I'm new to pywikibot and trying to use weblinkchecker to find problematic links in my wiki, http://horawiki.org
Having installed and configured, I run "python pwb.py weblinkchecker -start:! " which processes several dozen pages, then stops with:
Traceback (most recent call last): File "/home/larrydenenberg7/pywikibot/pwb.py", line 40, in <module> sys.exit(main()) ...(many frames omitted)... File "/home/larrydenenberg7/pywikibot/scripts/weblinkchecker.py", line 573, in treat_page thread.name = removeprefix( TypeError: descriptor 'removeprefix' for 'str' objects doesn't apply to a 'NoneType' object CRITICAL: Exiting due to uncaught exception TypeError: descriptor 'removeprefix' for 'str' objects doesn't apply to a 'NoneType' object
I'm not 100% sure (how do I tell?) but this may be the page being processed: https://horawiki.org/page/Folk_Dance_Problem_Solver or it might be this one: https://horawiki.org/page/First_Steps (I tried running with max_external_links=1 and starting at specific pages but I'm still not sure which page caused the exception.)
I find nothing in phabricator that seems related. Any wisdom gratefully appreciated.
And as long as I'm asking, many pages give me this sequence: WARNING: Unknown or invalid encoding 'ISO-8859-1,utf-8;q=0.7,*;q=0.7' WARNING: Http response status 403 *[[en:<page name>]] links to http://israelidances.com/ - Forbidden. This seems to arise for almost all (but definitely not all) links to site israelidances.com, and these links are certainly working.
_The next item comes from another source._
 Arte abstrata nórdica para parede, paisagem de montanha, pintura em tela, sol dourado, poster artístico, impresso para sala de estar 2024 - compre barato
Example page: https://horawiki.org/page/Eten_Bamidbar Where is this "unknown or invalid" encoding coming from?
Again, thanks for any information that may help.
Update: A little more experimentation makes it more likely that the page causing the exception is https://horawiki.org/page/Folk_Dance_Problem_Solver and not the other link in my original post.
It appears to me that the mailto: link in that page is causing this problem. Python's parseurl will not be returning a host name, which causes the error that is thrown, but in any case the actual checking code only uses http, so would not handle mailto:.
I can't see any way to ignore it using the script parameters.
Perhaps add an entry to the "ignorelist", by adding a line to the script after line 172, such as:
re.compile(r'mailto://'),
I haven't tested that. There are also other possible protocols that should be ignored, unless code is added to handle them.
On Sun, 16 Mar 2025, 02:11 , larry@denenberg.com wrote:
Update: A little more experimentation makes it more likely that the page causing the exception is https://horawiki.org/page/Folk_Dance_Problem_Solver and not the other link in my original post. _______________________________________________ pywikibot mailing list -- pywikibot@lists.wikimedia.org Public archives at https://lists.wikimedia.org/hyperkitty/list/pywikibot@lists.wikimedia.org/me... To unsubscribe send an email to pywikibot-leave@lists.wikimedia.org
You've definitely got it. Proof: I removed the mailto: link (by rewriting it in words: "send email to SFDhist at gmail.com") and reran weblinkchecker, which sailed right on past that page and crashed again on another page with a mailto: link.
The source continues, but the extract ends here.